During Merwin’s time serving on the USDA Malus germplasm committee, he says he “thought it was important to have more apple ‘colors’ to use in our cider painting palette,” so he focused on introducing Spanish varieties. Merwin attributes the lag time he experienced as a result of the 9/11 terrorist attacks when APHIS became entangled with Homeland Security and apples understandably moved down the priority list. He believes the process would be much faster today.

McGonegal’s outlook isn’t quite as rosy. “Plan for a 20-year process and expect that the first budwood shipments will fail,” he says. “Customs has a habit of incinerating them even when properly set up and labeled.”

For Appalachian Ridge Artisan Cider owner Alan Ward, gaining approval to grow apples from Normandy took about 10 years.
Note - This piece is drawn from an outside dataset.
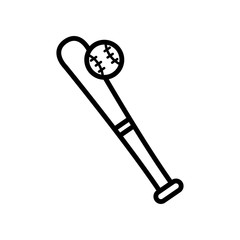 baseball bat and ball icon design, flat style icon collection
He advises anyone who plans to go down this path to have “patience, money and more of both,” he says. “It has required a true commitment to complete this task.”

In Canada, British Columbia-based Sea Cider Farm & Ciderhouse owner Kristen Needham says it took 15 years to gain permission to grow French and German apples. Plus, growers must allocate time for the learning curve that comes with actually planting the new varieties. “In many cases, no one else has experience growing certain varieties in our region, so we often feel like we are learning something completely new, which means it takes extra time to figure it out.”